The column space of $A$ is $\operatorname{span}\left(\begin{pmatrix} 1 \\ -1 \\ 1 \end{pmatrix}, \begin{pmatrix} 2 \\ 4 \\ 2 \end{pmatrix}\right)$.

Those two vectors are a basis for $\operatorname{col}(A)$, but they are not normalized.

NOTE: In this case, the columns of $A$ are already orthogonal so you don't need to use the Gram-Schmidt process, but since in general they won't be, I'll just explain it anyway.

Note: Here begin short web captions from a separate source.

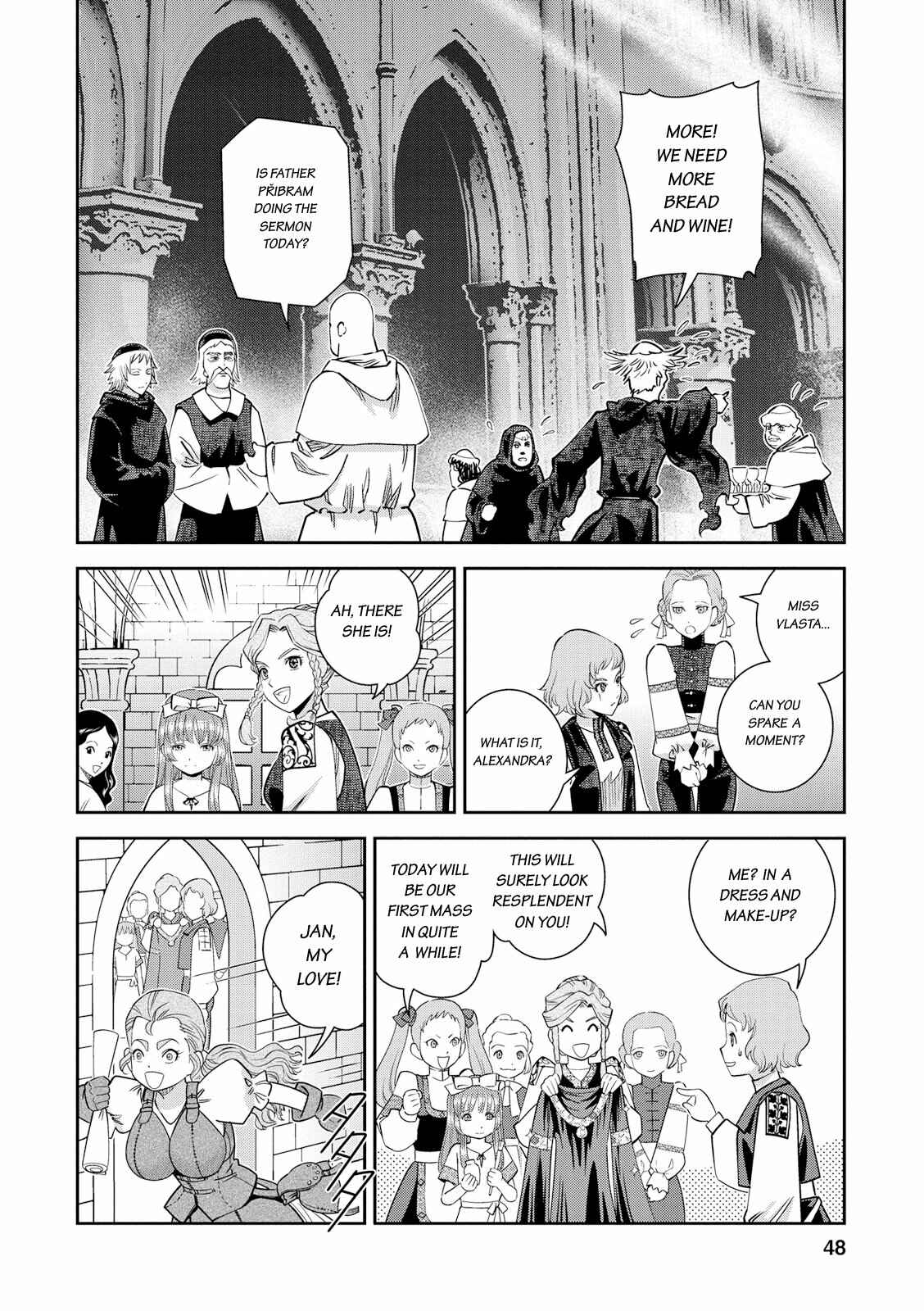 Page 7 Chapter 17 Dívčí válka: Maidens War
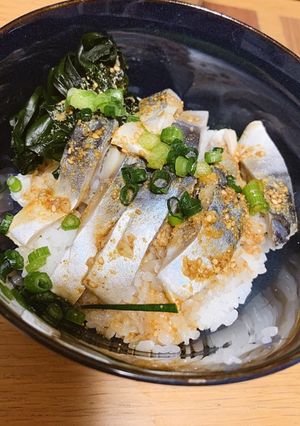簡単！美味しい！しめ鯖丼-レシピのメイン写真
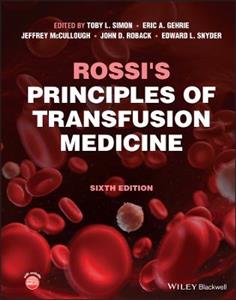 Rossi's Principles of Transfusion Medicine - Click Image to Close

To make them orthogonal, we use the Gram-Schmidt process:

$w_1 = \begin{pmatrix} 1 \\ -1 \\ 1 \end{pmatrix}$ and $w_2 = \begin{pmatrix} 2 \\ 4 \\ 2 \end{pmatrix} - \operatorname{proj}_{w_1} \begin{pmatrix} 2 \\ 4 \\ 2 \end{pmatrix}$, where $\operatorname{proj}_{w_1} \begin{pmatrix} 2 \\ 4 \\ 2 \end{pmatrix}$ is the orthogonal projection of $\begin{pmatrix} 2 \\ 4 \\ 2 \end{pmatrix}$ onto the subspace $\operatorname{span}(w_1)$.

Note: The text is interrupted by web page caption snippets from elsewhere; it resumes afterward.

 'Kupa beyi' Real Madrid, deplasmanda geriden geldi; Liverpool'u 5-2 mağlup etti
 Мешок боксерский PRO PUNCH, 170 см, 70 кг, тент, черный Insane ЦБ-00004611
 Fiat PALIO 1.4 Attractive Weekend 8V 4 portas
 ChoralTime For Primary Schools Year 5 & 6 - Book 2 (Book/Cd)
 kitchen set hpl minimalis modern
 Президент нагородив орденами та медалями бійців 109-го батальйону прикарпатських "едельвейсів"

In general, $\operatorname{proj}_vu = \dfrac {u \cdot v}{v\cdot v}v$.

Then to normalize a vector, you divide it by its norm:

$u_1 = \dfrac {w_1}{\|w_1\|}$ and $u_2 = \dfrac{w_2}{\|w_2\|}$.

The norm of a vector $v$, denoted $\|v\|$, is given by $\|v\|=\sqrt{v\cdot v}$.

This is how $u_1$ and $u_2$ were obtained from the columns of $A$.

Then the orthogonal projection of $b$ onto the subspace $\operatorname{col}(A)$ is given by $\operatorname{proj}_{\operatorname{col}(A)}b = \operatorname{proj}_{u_1}b + \operatorname{proj}_{u_2}b$.